5 Downstream Functional / Pathway Analysis (Task 4)

In this section we use the limma FPKM-based differential expression results to construct gene sets for downstream enrichment analysis and explore which biological processes are over-represented among tumor-up and tumor-down genes.

5.1 Prepare Gene Lists

stopifnot(exists("res_limma_df"), exists("alpha"), exists("logfc_cutoff"))

cat("\nSummary of regulation categories used for gene lists (up/down/ns):\n")
## 
## Summary of regulation categories used for gene lists (up/down/ns):
print(table(res_limma_df$regulation))
## 
##  down    ns    up 
##   881 18054   937
# Background (universe) = all genes tested by limma

gene_universe <- res_limma_df$gene_id
cat("\nSize of gene universe (all tested genes):", length(gene_universe), "\n")
## 
## Size of gene universe (all tested genes): 19872
# Up- and down-regulated genes

res_limma_up_df <- res_limma_df %>%
  dplyr::filter(regulation == "up") %>%
  dplyr::arrange(adj.P.Val, dplyr::desc(abs(logFC)))
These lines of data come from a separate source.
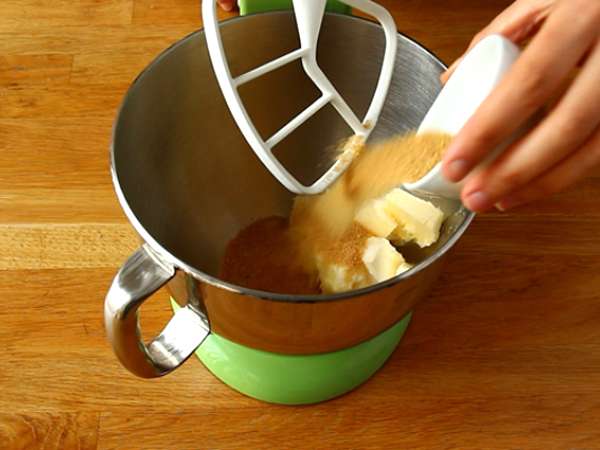 Çikolata parçacıklı kurabiye keki - Hazırlık adım 1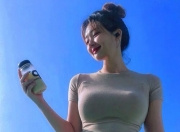 开云体育登录-蓝白风暴与黑色闪电，2026世界杯E组，智利碾压之下，卢卡库以一己之力点燃进攻狂潮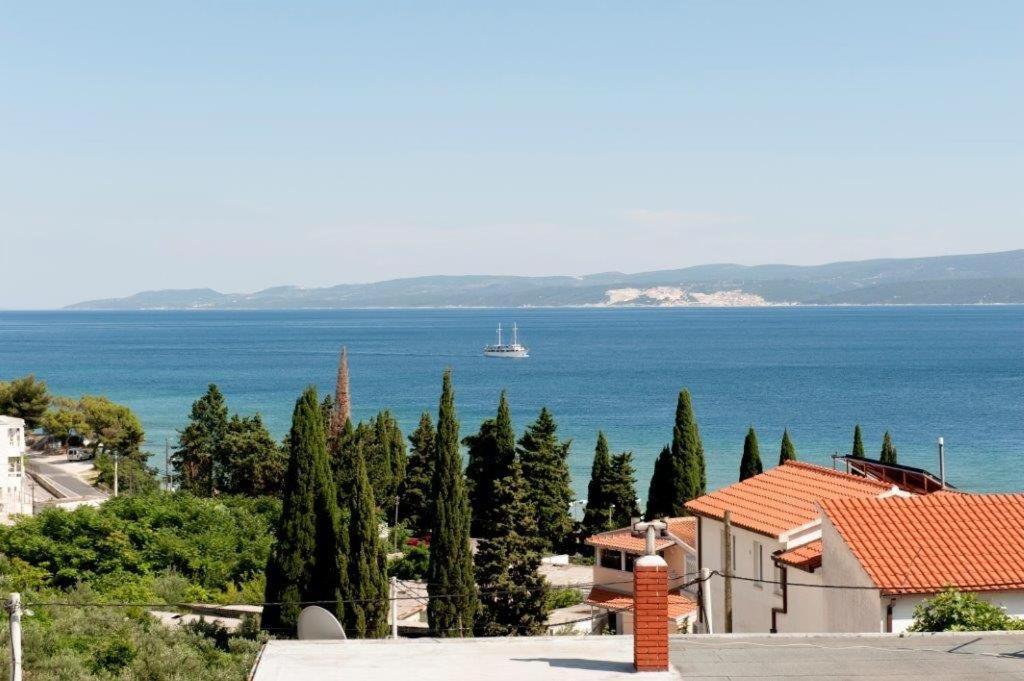Studio apartment in Duce with sea view — photo 1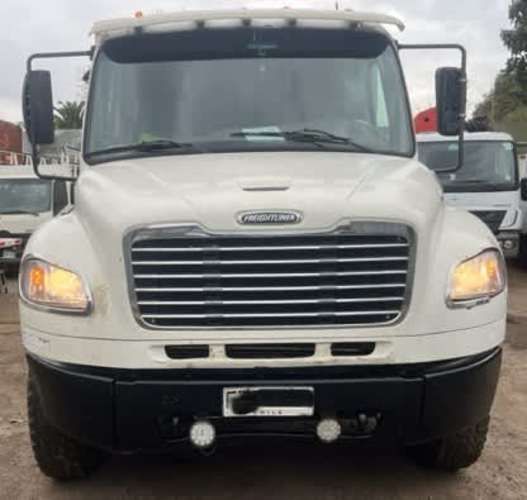 Camión  listo para trabajar.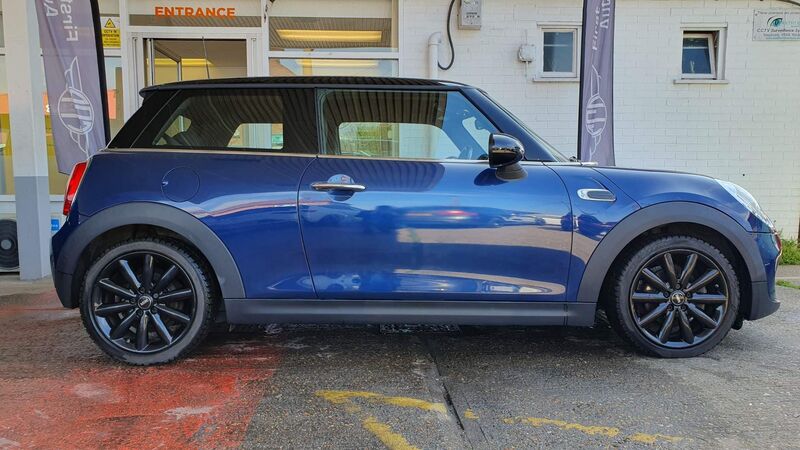 MINI HATCH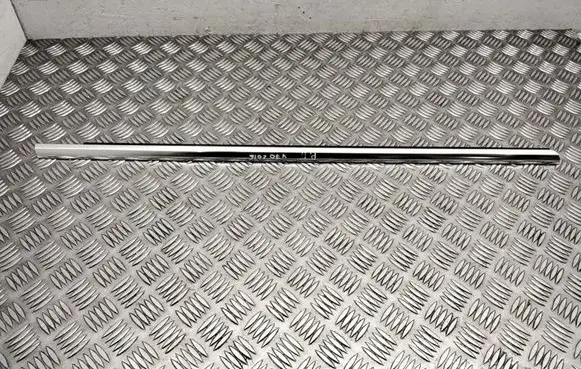 Front door glass trim molding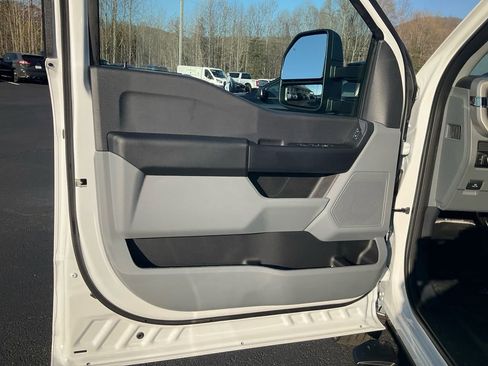 New 2026 Ford F250 XL w/ XL Driver Assist Package image 17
genes_up_tumor <- res_limma_up_df$gene_id

res_limma_down_df <- res_limma_df %>%
  dplyr::filter(regulation == "down") %>%
  dplyr::arrange(adj.P.Val, dplyr::desc(abs(logFC)))

genes_down_tumor <- res_limma_down_df$gene_id

cat("\nNumber of significantly up-regulated genes (tumor > normal):",
    length(genes_up_tumor), "\n")
## 
## Number of significantly up-regulated genes (tumor > normal): 937
cat("Number of significantly down-regulated genes (tumor < normal):",
    length(genes_down_tumor), "\n")
## Number of significantly down-regulated genes (tumor < normal): 881
# All DE genes (up + down)

res_limma_de_df <- res_limma_df %>%
  dplyr::filter(regulation != "ns") %>%
  dplyr::arrange(adj.P.Val, dplyr::desc(abs(logFC)))

genes_de_all <- res_limma_de_df$gene_id

cat("Number of all DE genes (up + down):", length(genes_de_all), "\n")
## Number of all DE genes (up + down): 1818
# Ranked list for GSEA-style methods (signed -log10 p-value)

rank_stat <- with(res_limma_df, sign(logFC) * -log10(P.Value + 1e-300))

rank_df_unique <- res_limma_df %>%
  dplyr::mutate(rank_stat = rank_stat) %>%
  dplyr::arrange(P.Value) %>%
  dplyr::distinct(gene_id, .keep_all = TRUE)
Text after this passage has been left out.